Which lines run from the one containing "Lampa semilac do paznokci" through the last line of the records? Copy them exactly, leaving pictures out.

Records contained in a dataset:
>>>>>

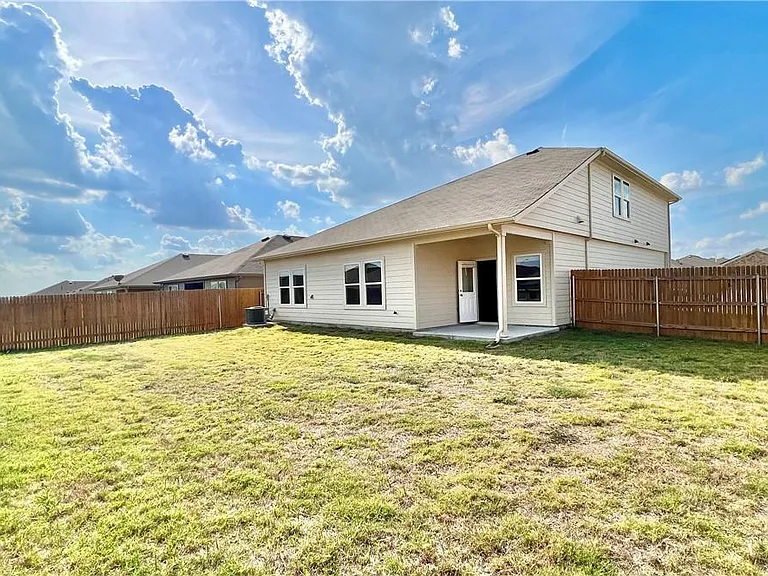 5913 Shanjia Dr — Photo 23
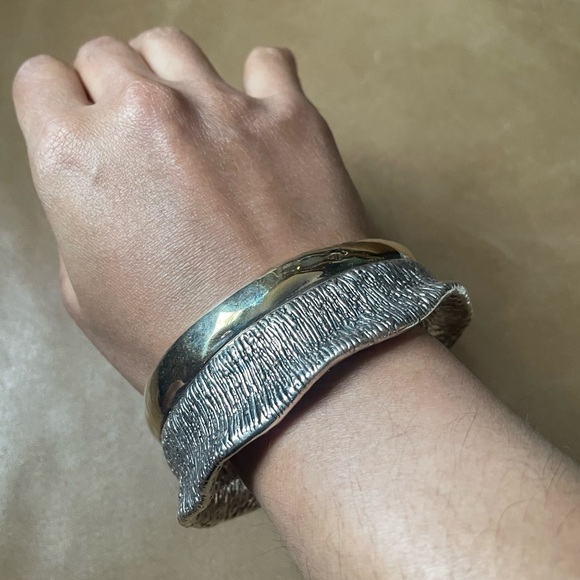 Signed vintage Lebitski 925 Sterling silver textured bangle cuff bracelet wave - Picture 3 of 10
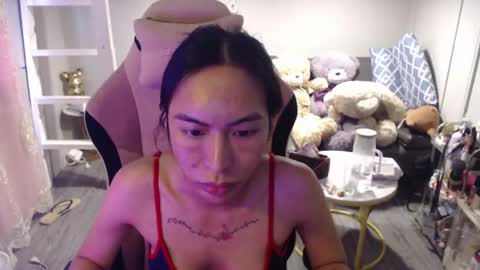 ELYSE A SIMPLE GIRL online show from April 30, 6:07 am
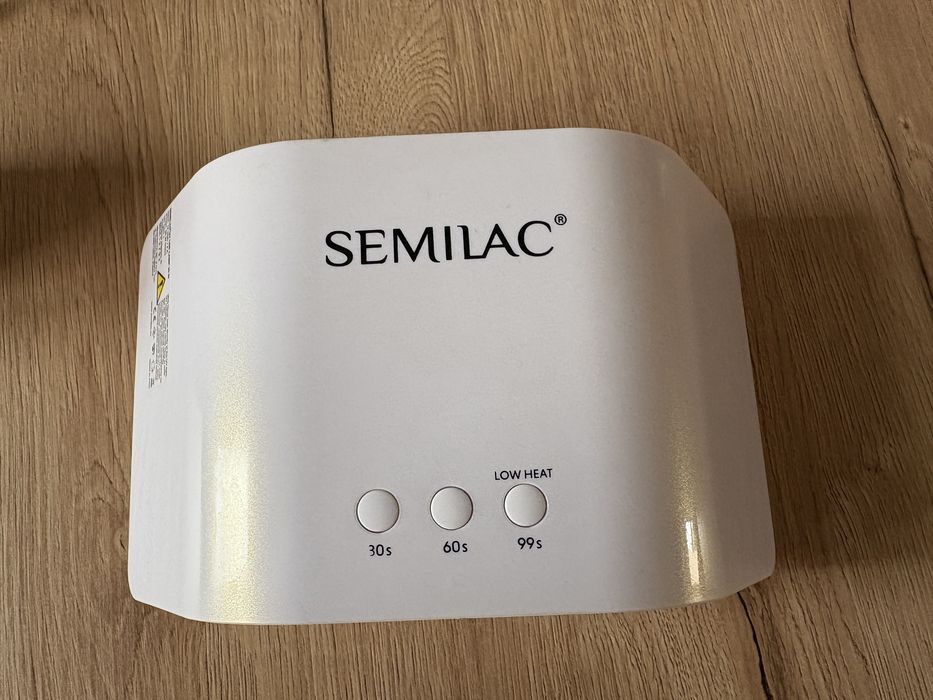 Lampa semilac do paznokci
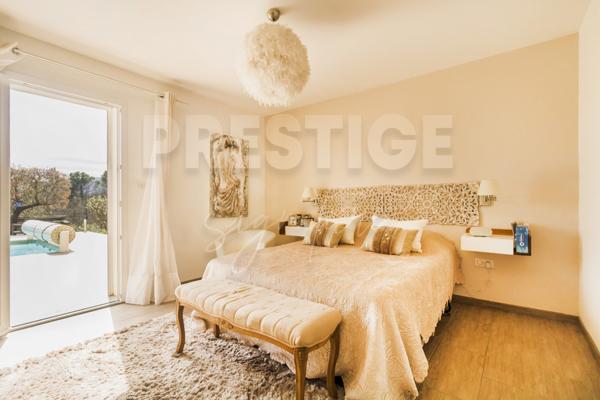 Villa 6 pièce(s) 4 chambre(s) 215 m²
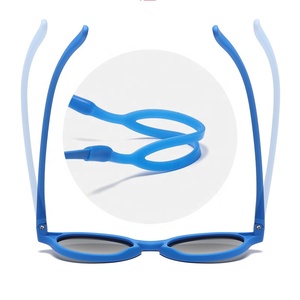 Occhiali da Sole per Bambini 0-12 Anni Protezione UV400 TPEE Polarizzati Durevoli Design di Marca per Esterni con Cordino TPEE Gratuito - Product Image 4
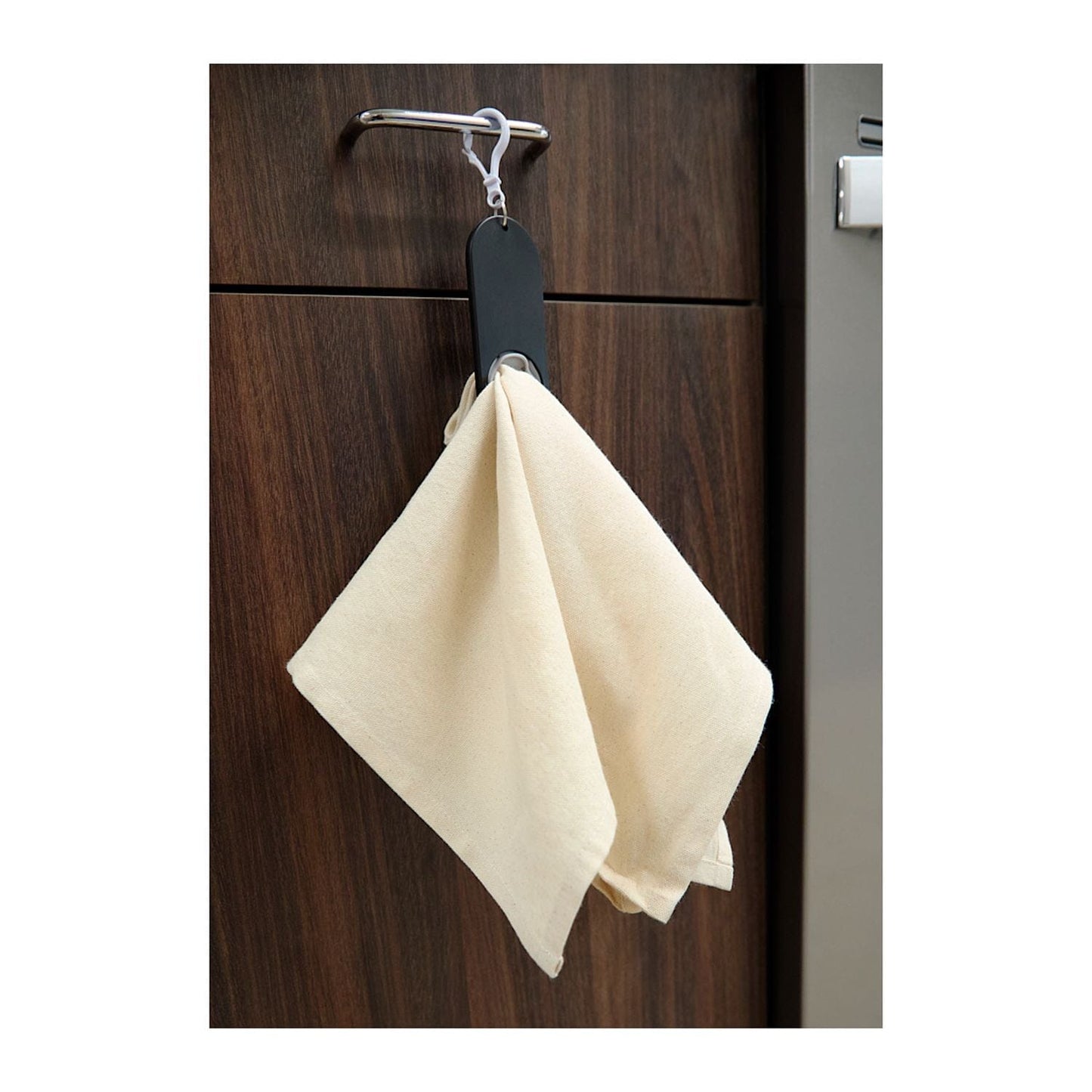 Threadfellows Curated Collection Golf Accessories One Size / Black Clip-On Towel Holder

<<<<<

Result for this task
 Lampa semilac do paznokci
 Villa 6 pièce(s) 4 chambre(s) 215 m²
 Occhiali da Sole per Bambini 0-12 Anni Protezione UV400 TPEE Polarizzati Durevoli Design di Marca per Esterni con Cordino TPEE Gratuito - Product Image 4
 Threadfellows Curated Collection Golf Accessories One Size / Black Clip-On Towel Holder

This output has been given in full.